Raghavendra Naik, 40, a third-generation farmer from Baswad village in Karnataka’s Belagavi district, cultivated sugarcane crop in three acres of land. He harvested and sold the crop in January to Nirani Sugars and Satish Sugars, both owned and controlled by politicians hailing from the district. But since then, Naik has been waiting for the payment, nearly Rs 80,000 due from these companies.
According to Kurubur Shantakumar, president of All India Sugarcane Growers Association, the sugar companies in the state owe nearly Rs 1,000 crore to farmers and as per the government own estimates, dues worth Rs 650 crore are pending since January this year.
“Had the companies released payment on time, it would have helped us to spend for the next cropping season. Following the delays, I have taken a crop loan of Rs 80,000 in February,” Naik said.
For Naik, the loan he took and spent on the next crop, tomato and other vegetables, resulted in a setback as the prices crashed and lockdown impacted the market access. Naik says, if the prices hadn’t crashed to less than a rupee per kg, he could have earned a profit of Rs 2 lakh on the same. But now, the crash in prices and lack of market access resulted in a loss of Rs 50,000- Rs 60,000.
“The government says APMCs are open. But most of the time, the traders do not come to the auction. And as per the new laws, the government said we can sell outside APMCs to anybody and benefit from it. But who is there to buy during the lockdown?” he asks.
Across Karnataka, several farmers were forced to leave their harvest on the field or destroy the crop for their inability to sell it in the markets. The price of cabbage had dropped to Rs 2 a kilogram. Similar was the case with flower growers. As the demand slumped, farmers in Maharashtra, Karnataka and Andhra destroyed large tracts of cultivated crops.

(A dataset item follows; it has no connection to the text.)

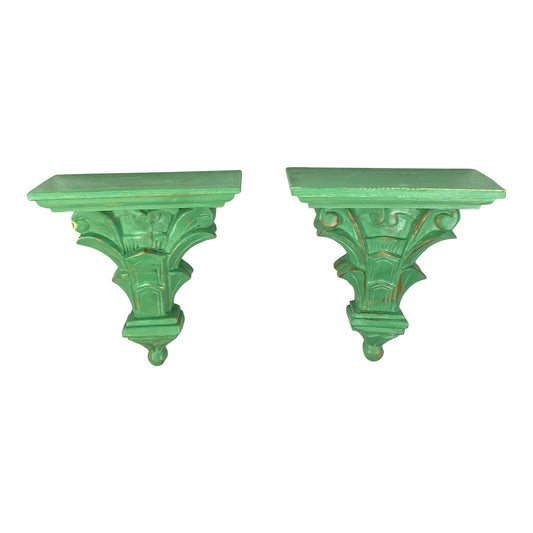 [SOLD] Distressed Green Wall Shelf Sconce – Pair of 2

The Karnataka government had initially announced a 14-day ‘close down’ starting April 27. But as the COVID situation worsened during the second wave, the government subsequently imposed a lockdown in the state until June 14. Farmers resorted to distress sale left with no choice.
Chief Minister B S Yediyurappa announced a relief package, promising Rs 10,000 compensation per hectare of land, limited to one hectare. But farmers, many of whom did not receive the relief package, are wary of the government’s announcement and say the money can barely cover the losses they have incurred during the period.

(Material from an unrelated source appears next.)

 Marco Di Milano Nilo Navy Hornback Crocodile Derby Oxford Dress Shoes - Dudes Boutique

“Government officials in the horticulture and agriculture department remain absent. So who do we question? The opposition parties are dead as we see them making no noise amid the crisis. With lockdown, we can’t even organise protests,” said Sidagoud Modagi, a farmer.
The State Planning Board last month recommended that the State Government should procure vegetables and fruits from farmers in distress due to the lockdown and make arrangements to sell the produce in urban areas. However, such a plan did not materialise in reality.

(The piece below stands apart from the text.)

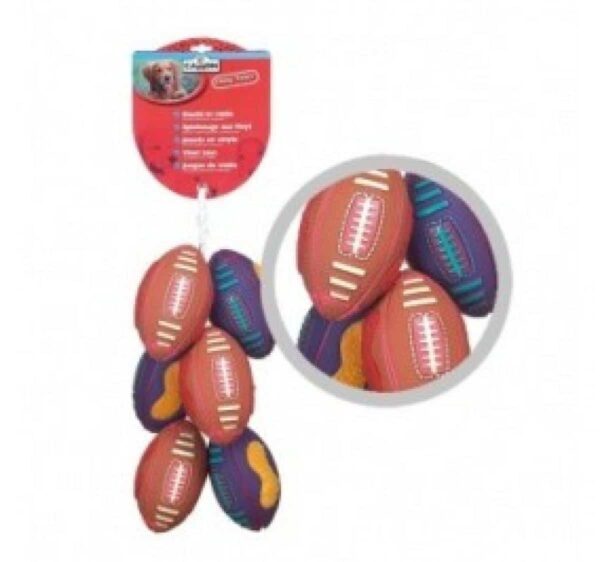 Camon – rugby balls on a plait – мека топка за големи породи 19 cм. / кафява, синя /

In Telangana, with the government failing to procure jowar, farmers took to the streets to protest and approached the High Court with a public interest litigation (PIL) on the matter. They sought the Court to direct the State government to procure the jowar crop at MSP.
The PIL notes that farmers in Adilabad decided to cultivate jowar as a rabi crop after they suffered losses with cotton crop infested with pink bollworm attack. It further said, while the MSP for jowar was fixed at Rs 2,660 per quintal this year, the market value remained at Rs 1,100 to Rs 1,400 per quintal, which made it difficult for them to sell it even in the open market.
In Tamil Nadu’s Madurai district, the unseasonal rains in May damaged paddy crops and the lack of storage facilities left paddy bags drenched in rainwater. In government storage centres at Thoppur, nearly 10,000 paddy bags were drenched in the rain even as officials promised to address the issue.
Meanwhile, with lockdown in place across several southern states, even agriculture labourers found it difficult to get work and earn their bread and butter. Besides, the demand for MGNREGA jobs too dwindled. The jobs sought were down by 26% in May as compared to last year in the same period.
For Lakshmi, a farm labourer in Arani, Tamil Nadu, MGNREGA job acts a saviour in summer times when she does not find agriculture labour work. But with lockdown and second wave raging, the authorities have told her that those aged above 45 will not be eligible to work. “I barely worked for 5 days last month. Soon after lockdown was imposed and I was barred from working under the scheme as I was 60. So, how do they expect us to make a living,” she asked.